International Youth Poetry Slam Brave New Voices
The School of the Art Institute of Chicago is an art school with departments that range from Painting and Drawing to Technology and Sound. Work can mean oil on a canvas to a performance of sitting still, or a sculpture of found objects. Students at the school have a broad conception of the definition of art. So, what could SAIC possibly be leaving out? Those who passed through the University of Chicago campus or the Auditorium Theater downtown the week of August 12th may argue that SAIC misses out, by virtue of its privilege, on some truly deep engagement with local concerns.

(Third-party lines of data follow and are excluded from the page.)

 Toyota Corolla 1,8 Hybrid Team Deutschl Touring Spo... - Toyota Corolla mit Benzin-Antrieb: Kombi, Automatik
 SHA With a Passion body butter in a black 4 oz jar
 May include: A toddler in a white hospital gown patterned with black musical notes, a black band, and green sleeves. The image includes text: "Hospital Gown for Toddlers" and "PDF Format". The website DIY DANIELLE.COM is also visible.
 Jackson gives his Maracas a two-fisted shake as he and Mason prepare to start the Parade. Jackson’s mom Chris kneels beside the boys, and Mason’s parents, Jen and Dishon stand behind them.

The international youth poetry slam Brave New Voices (BNV) graced the stages of Chicago this August for their annual competition of high school Spoken Word. Spoken Word is an art form with roots in Chicago that artist George Watsky, the MC of Saturday night’s BNV Finals, defined as a combination of rap, poetry, and sometimes comedy. The weeklong event included a bracket of bouts (competitions) and writing workshops from the form’s top artists. Students came from countries as far away as South Africa and England, and from cities all over the states. The poems tend to be highly performative, personal, and deeply connected to the artists’ communities, struggles, and activism. Brave New Voices provides a space for hundreds of students to come together to communicate with each other about where they’re from.

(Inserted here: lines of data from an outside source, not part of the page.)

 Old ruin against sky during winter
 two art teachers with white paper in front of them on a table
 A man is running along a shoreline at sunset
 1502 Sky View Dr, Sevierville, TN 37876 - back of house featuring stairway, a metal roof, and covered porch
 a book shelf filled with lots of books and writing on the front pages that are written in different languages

This year poems’ topics ranged from stories of incarceration, deportation, local politics, racial and queer identity, code switching, feminism, and personal narratives of family, depression, and loss. I sat in the audience and watched white students from North Carolina stand in front of the mic clenching their fists, braving confidence to “spit” the first line, while black students from Detroit, LA, and Chicago, and brown students from Albuquerque, Arizona, and New York yelled back at the stage: “You got this!” “Go hard!” and “Let’s go poets!” I watched the Chicago team exit the stage after spitting a poem about a member lost to gun violence while white students from Denver and Asheville, Native American students from the southwest, and Philippino students ran up to hug them, pat them on the back, and tell them how they’d changed their lives with their words.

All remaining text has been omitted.